Retype exactly what runs from the first line of the data to the line with "HABA Magic Bath", keeping both of those lines and skipping pictures.
(RECORDS PROVIDED)
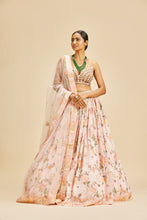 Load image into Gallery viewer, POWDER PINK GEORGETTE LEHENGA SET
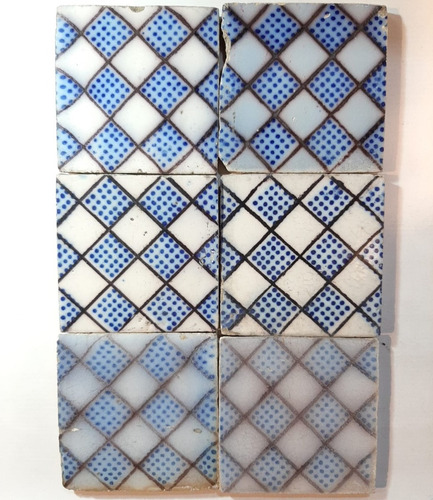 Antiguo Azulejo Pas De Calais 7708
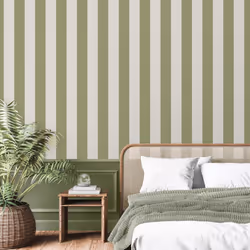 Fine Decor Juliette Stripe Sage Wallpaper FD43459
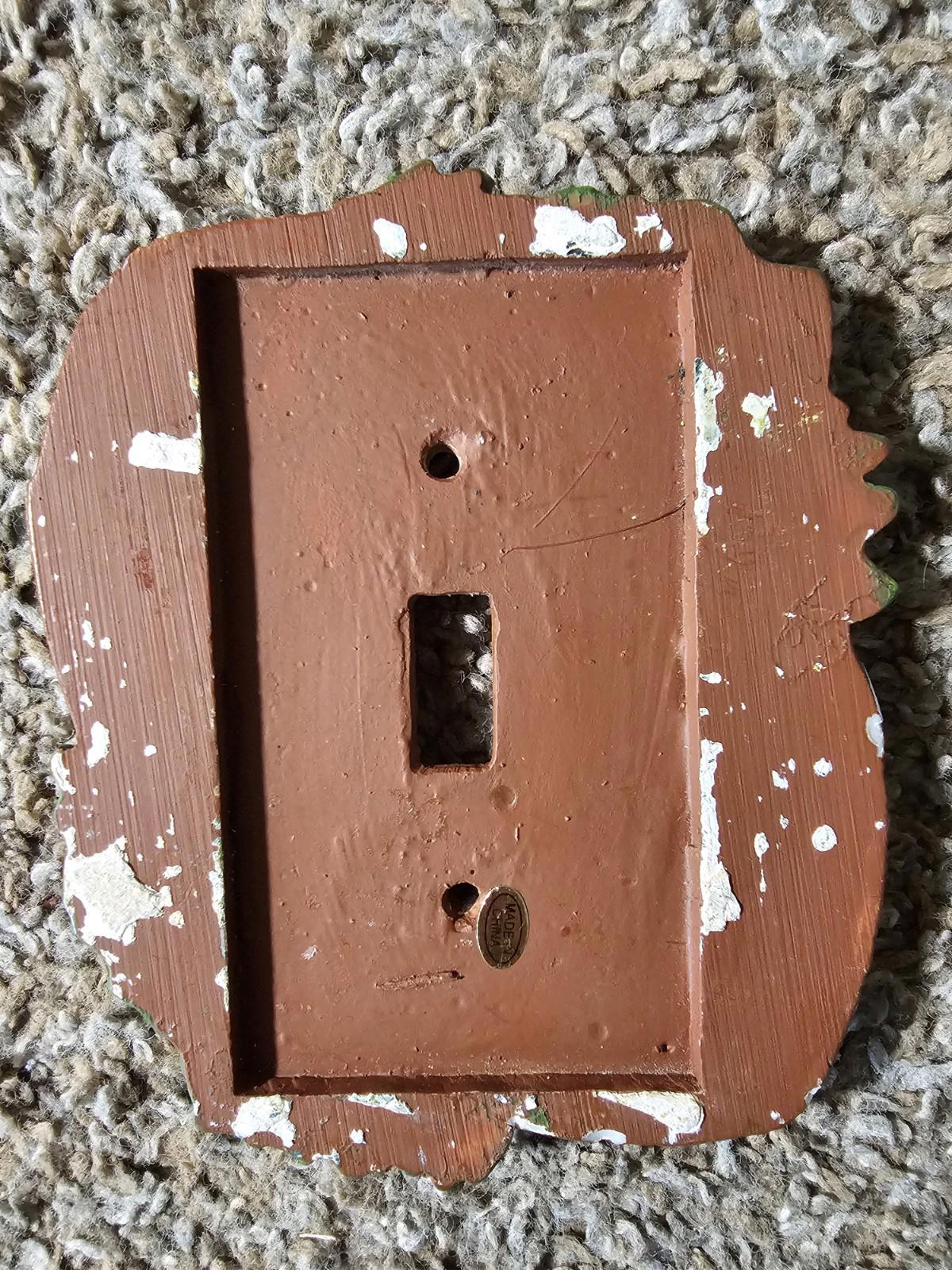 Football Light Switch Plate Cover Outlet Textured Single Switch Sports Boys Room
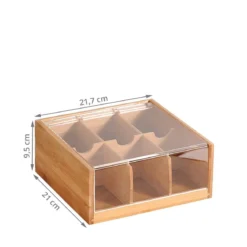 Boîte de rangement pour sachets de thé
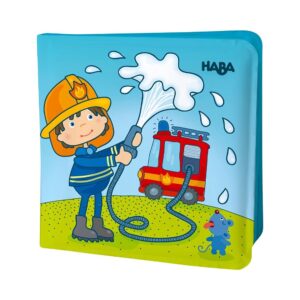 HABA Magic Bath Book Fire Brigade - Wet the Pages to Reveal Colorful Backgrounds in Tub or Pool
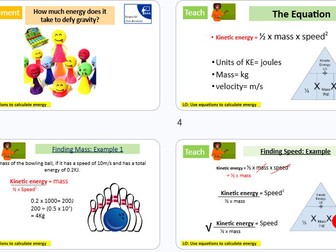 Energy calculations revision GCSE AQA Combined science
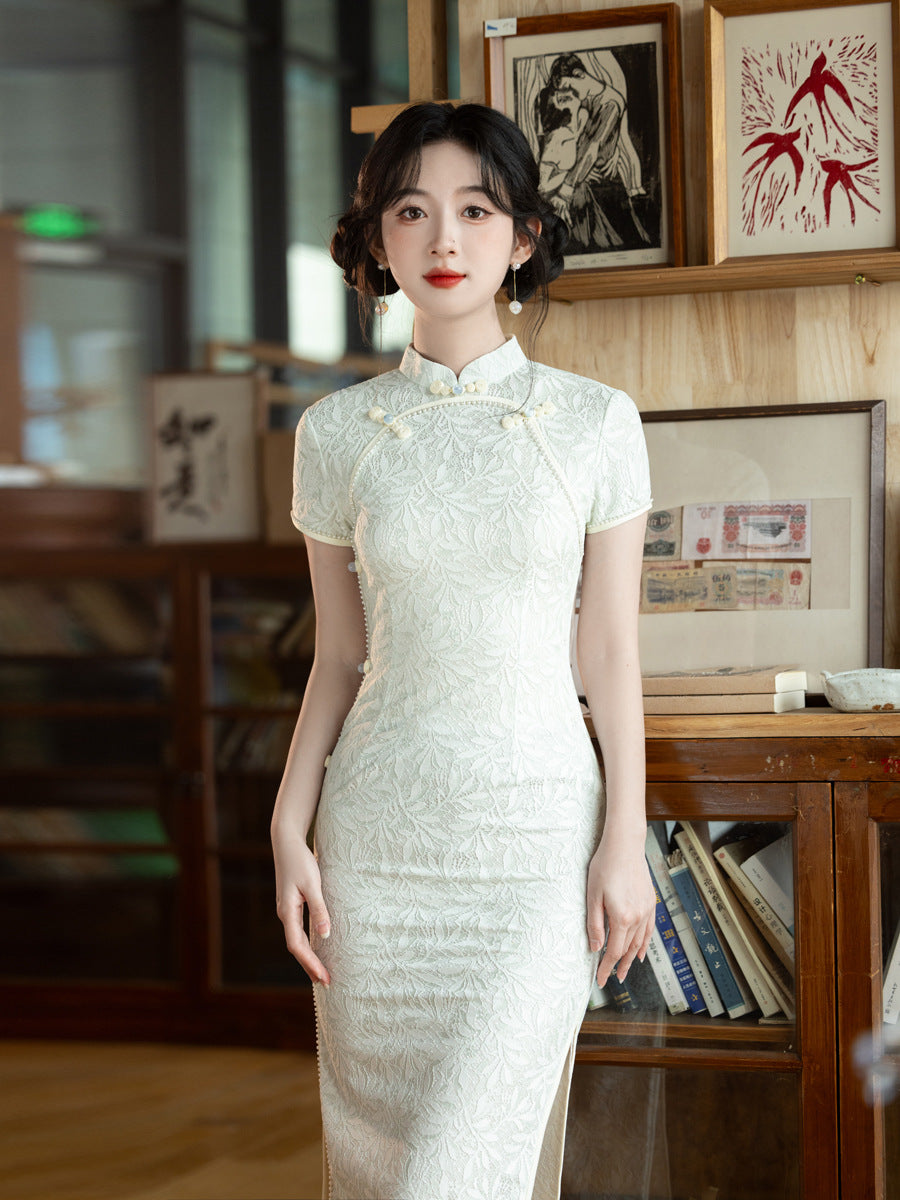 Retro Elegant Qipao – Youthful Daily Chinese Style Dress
(End RECORDS PROVIDED)
== SOLUTION BELOW ==
 Load image into Gallery viewer, POWDER PINK GEORGETTE LEHENGA SET
 Antiguo Azulejo Pas De Calais 7708
 Fine Decor Juliette Stripe Sage Wallpaper FD43459
 Football Light Switch Plate Cover Outlet Textured Single Switch Sports Boys Room
 Boîte de rangement pour sachets de thé
 HABA Magic Bath Book Fire Brigade - Wet the Pages to Reveal Colorful Backgrounds in Tub or Pool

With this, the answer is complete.